Recently, a reader posted this comment:
"I recently left my family, friends and state to move across the country to be with my best friend and boyfriend during his residency. I was convinced that if I didn't move to be with him we would never have a shot at a real relationship because his training would take so long - residency! Yikes! So now I am here and I have made a go of it for a year, found a new job, made new friends, tried to grow to like a culture that is foreign to me. My question is, my 30th birthday weekend is coming up and when I mentioned it to him he informed me that an old friend from college's wedding was that weekend and that he wanted to go. He hadn't realized it was the same weekend as my birthday, or even that it was a big birthday - 30! When I expressed how upset and sad I was he told me simply that he works hard and that is how he wants to spend his money and what he plans to do. Of course he invited me to come with him, but he is in the wedding, so I'll be sitting there watching him in the wedding on my 30th birthday weekend. My actual birthday is Monday and he'll be working all day. What upsets me most is that he didn't realize it was my birthday, or a big one and then that his reaction was to get defensive about his plans rather than offer an alternative for celebrating with me. Days later he simply said, "What do you want to do for your birthday?". I felt insane and crazy for being upset and considered just leaving ASAP. We aren't married. He hasn't proposed and instead of saving for a ring he is going to use the money to travel to go to his friend's wedding. We keep getting more and more wedding invitations to our apt and with each one I feel like my dreams float farther and farther away. Is this a red flag or are we both just being stubborn?"

As I've thought about how to respond to these thoughts, I can't help thinking of how important it has been for my husband and I to be married during these years.  I realize that because we are LDS, or Mormon, our beliefs about marriage are becoming more and more rare, but I probably would have walked out on my husband hundreds of times if we had not been married, (or he would have been the one to walk out - I am super difficult to live with.)  Marriage automatically instills a sense of commitment and determination in each spouse.  Sometimes it doesn't take love (at all) to work out a disagreement, only forgiveness and compromise, and, yes, some sacrifice. 

This weekend I purchased something for my husband that he has been wanting for years, something that I place very, very little value in, and would honestly choose to never own.  (Okay, it's a big TV.)  I never wanted to be a mom with kids sitting on a couch in front of a TV, and have always had very strong feelings about it.  But I know my husband well, I feel his stress and anxiety (boards in a few weeks...), I know how he perceives love and appreciation, I knew it was something he wanted - a lot - but was sacrificing and waiting for, I see him working each day - harder than anyone I know - and deserves a reward every once in a while, and I wanted him to know how much I love him and want him to be happy.  Yes, he was surprised.  After he set it up and I saw my kids sitting on the couch, eagerly watching cartoons on it, I left to go grocery shopping while my husband studied upstairs.  I wept as I backed out of the driveway and later walked through the grocery store isles.  I wondered what had happened to my ideals, to me.  Then I remembered how much I love to see my husband happy... and that is what marriage is all about: doing all we can to make each other happy.


Jamie Lamb said...


The fact is, situations like this (the guy not paying enough attention to a birthday) happen ALL THE TIME in marriage.

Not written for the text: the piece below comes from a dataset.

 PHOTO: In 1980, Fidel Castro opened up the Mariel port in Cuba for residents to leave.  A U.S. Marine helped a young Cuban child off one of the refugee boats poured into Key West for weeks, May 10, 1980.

No, it is not a red flag. The red flag was when he failed to propose long ago. If these things are truly important to this intelligent, committed girl, I think she needs to have an open, respectful conversation with her guy. I'm assuming he loves her a lot, and if he realized how important these things were to her, he would bend over backward to make them happen!

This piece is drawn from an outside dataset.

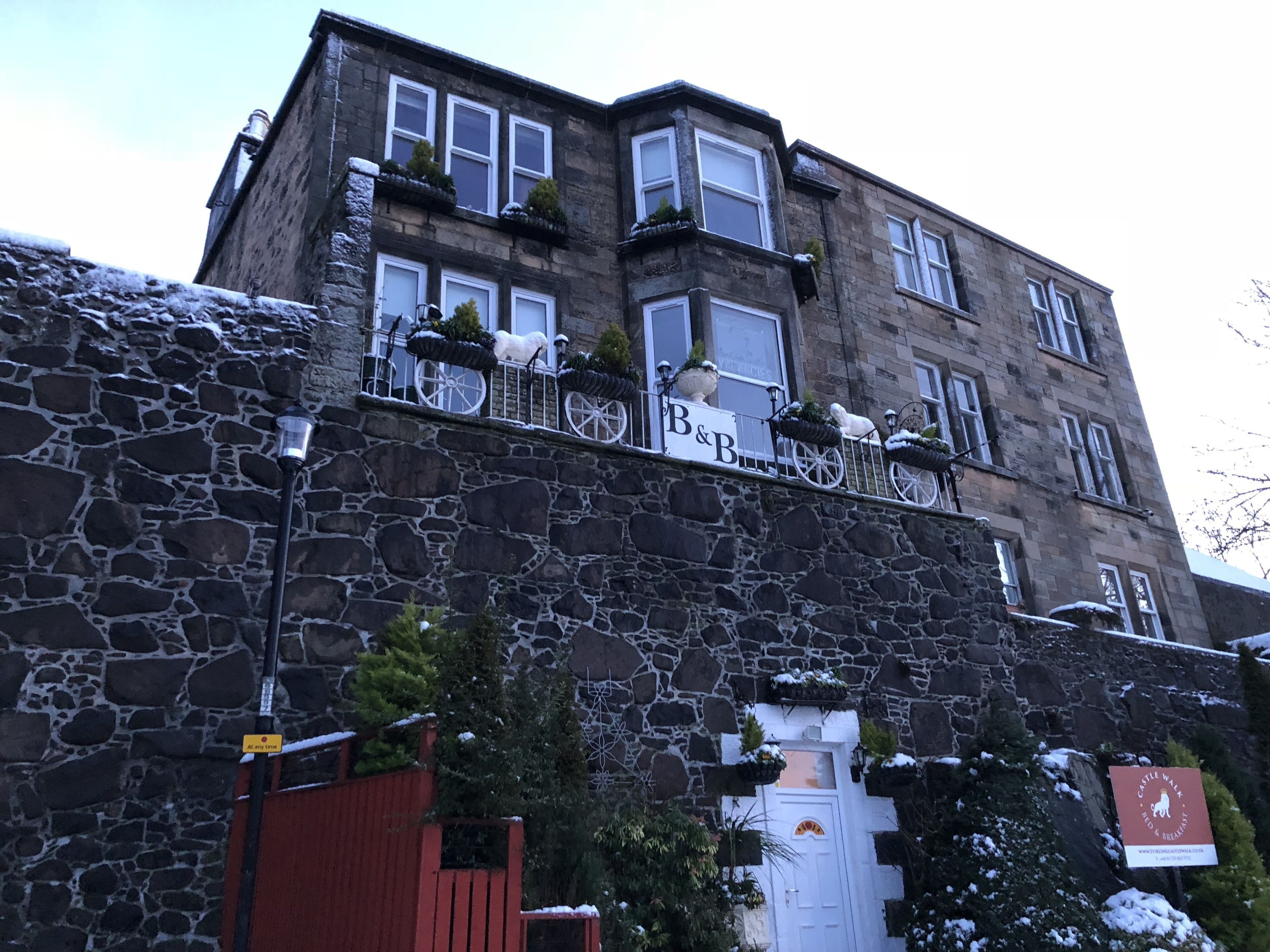 A stone building with multiple windows and a sign that reads "B&B".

If she politely explained her feelings to him and he still behaved the same, then THAT might be a red flag. My guess is that he simply doesn't know how strongly she feels about marriage OR birthdays. :)

Liz said...

Love this response. Thanks, Jamie!!

From A Doctors Wife said...

I love your wisdom! You are so right. I love giving my husband what he wants, and also encouraging him (us) to work hard and anticipate things we might want in the future.

I once heard some great advice: if you know what someone wants, what would make them happy, why would you give them anything different. I have had to remind myself of this many times, and it has a few different levels. I am thinking specifically of your reader. She is obviously doing what she thinks would make him happy, but is he doing the same for her? Is there something that he knows that she wants that would make her happy that he doesn't/can't give. If he knows and refuses to give it - that may be a red flag.